Rob Sale

James Madison Dukes
- Title: Offensive line coach

Personal information
- Born: July 1, 1979 (age 47) Monroe, Louisiana, U.S.

Career information
- High school: Neville (LA)
- College: LSU (1998–2002)

Career history
- Catholic HS of Pointe Coupee (2006) Offensive line coach; Alabama (2007–2011) Strength & conditioning assistant & offensive analyst; McNeese State (2012–2013) Offensive line coach; McNeese State (2014) Co-offensive coordinator & offensive line coach; Georgia (2015) Offensive line coach; Louisiana–Monroe (2016) Offensive line coach; Arizona State (2017) Offensive line coach & running game coordinator; Louisiana (2018–2020) Offensive coordinator & offensive line coach; New York Giants (2021) Offensive line coach; Florida (2022–2024) Offensive coordinator & offensive line coach; Florida (2025) Offensive line coach; James Madison (2026–present) Offensive line coach;

= Rob Sale =

American football player and coach (born 1979)

Robert Alan Sale (born July 1, 1979) is an American football coach who is the offensive line coach for the James Madison Dukes.

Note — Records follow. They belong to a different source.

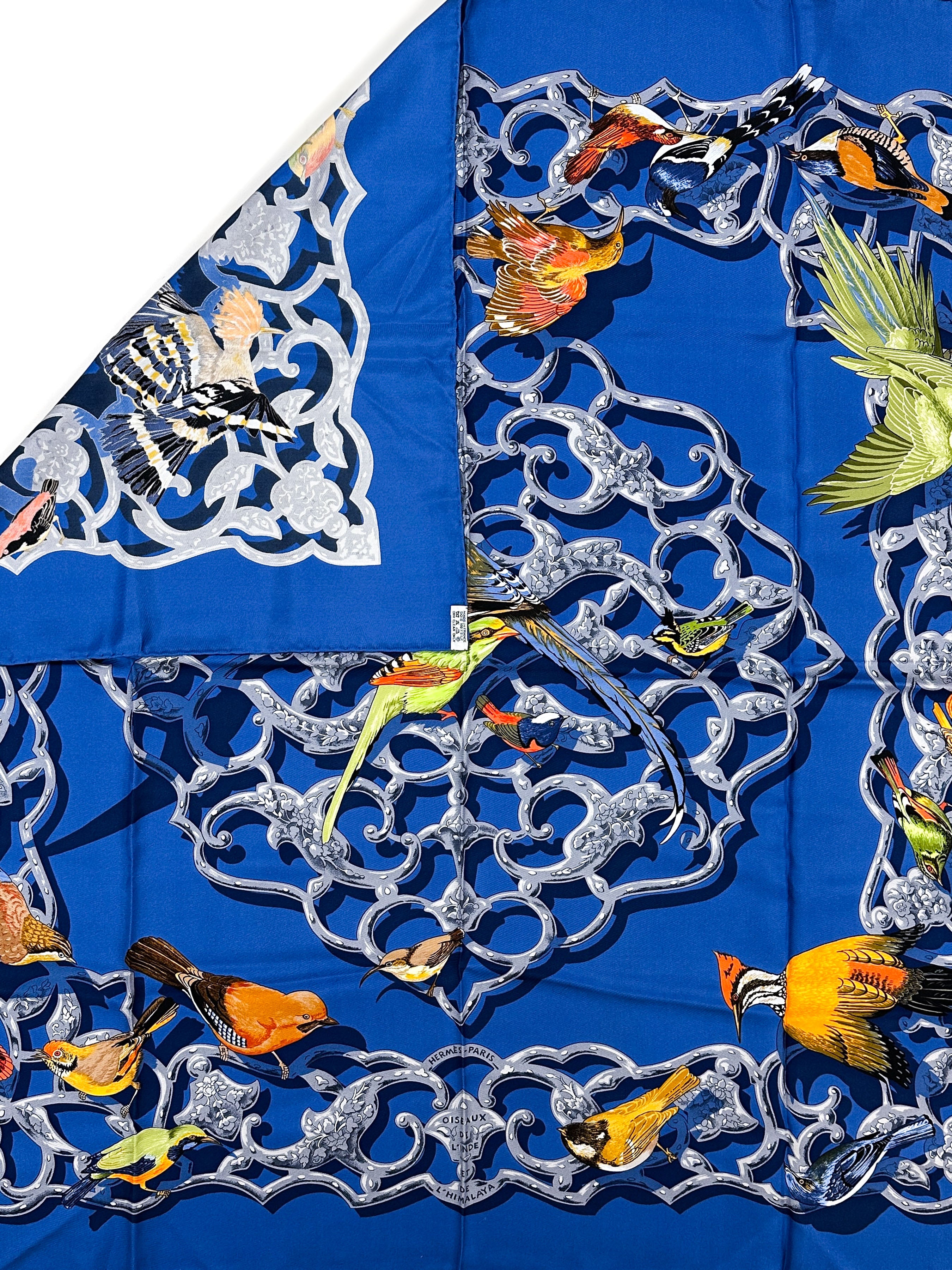 Hermès Oiseaux de L'Inde et de L'Himalaya 90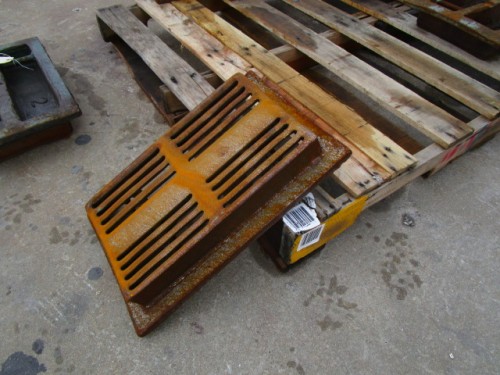 Ball Mill Discharge Door. 9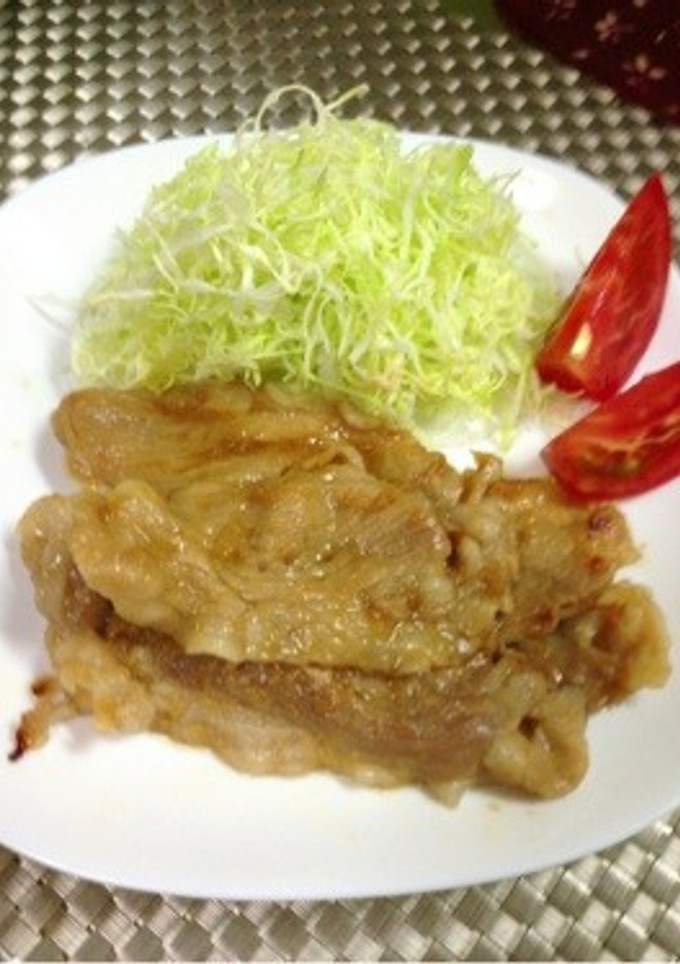 いつもの生姜焼き-レシピのメイン写真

He previously served as an assistant coach at the University of Louisiana at Lafayette, Arizona State University, University of Louisiana at Monroe, University of Georgia, McNeese State University, University of Alabama, and the New York Giants.

== Playing career ==
Sale was an offensive lineman at LSU from 1998 to 2002, where he was a three-year starter at both guard positions and center.

==Coaching career==
===Catholic HS of Pointe Coupee===
Sale began his coaching career in 2006 at Catholic High School of Pointe Coupee in Louisiana as their offensive line coach.

===Alabama===
Sale was hired as a strength & conditioning assistant and offensive analyst at Alabama in 2007 under his former college coach Nick Saban.

===McNeese State===
Sale served as the offensive line coach at McNeese State from 2012 to 2014 and later added the title of co-offensive coordinator in 2014.

===Georgia===
Sale was named the offensive line coach at Georgia in 2015. Sale was fired after the season following the termination of Mark Richt. In 2016, Sale joined as the offensive line coach at Louisiana–Monroe.

===Arizona State===
Sale joined the coaching staff at Arizona State in 2017 as their offensive line coach and running game coordinator, working under Sun Devils offensive coordinator Billy Napier, whom he met when they were offensive analysts at Alabama.

===Louisiana===
When Napier was named the head coach at Louisiana in 2017, Sale followed him to Lafayette to be the Ragin' Cajuns offensive coordinator and offensive line coach.

===New York Giants===
On March 10, 2021, Sale was hired by the New York Giants as their offensive line coach under head coach Joe Judge. However, the Giants had an abysmal season, going 4-13 with the worst blocking unit in the NFL.

===Florida===
On January 11, 2022, Sale was hired by Florida as their offensive coordinator and offensive line coach under head coach Billy Napier.

== Personal life ==
Born in Monroe, Louisiana, Sale's family has owned a store since 1946, and has sold LSU items since 2000. Sale and his wife Amanda have two sons, Tripp and Briggs.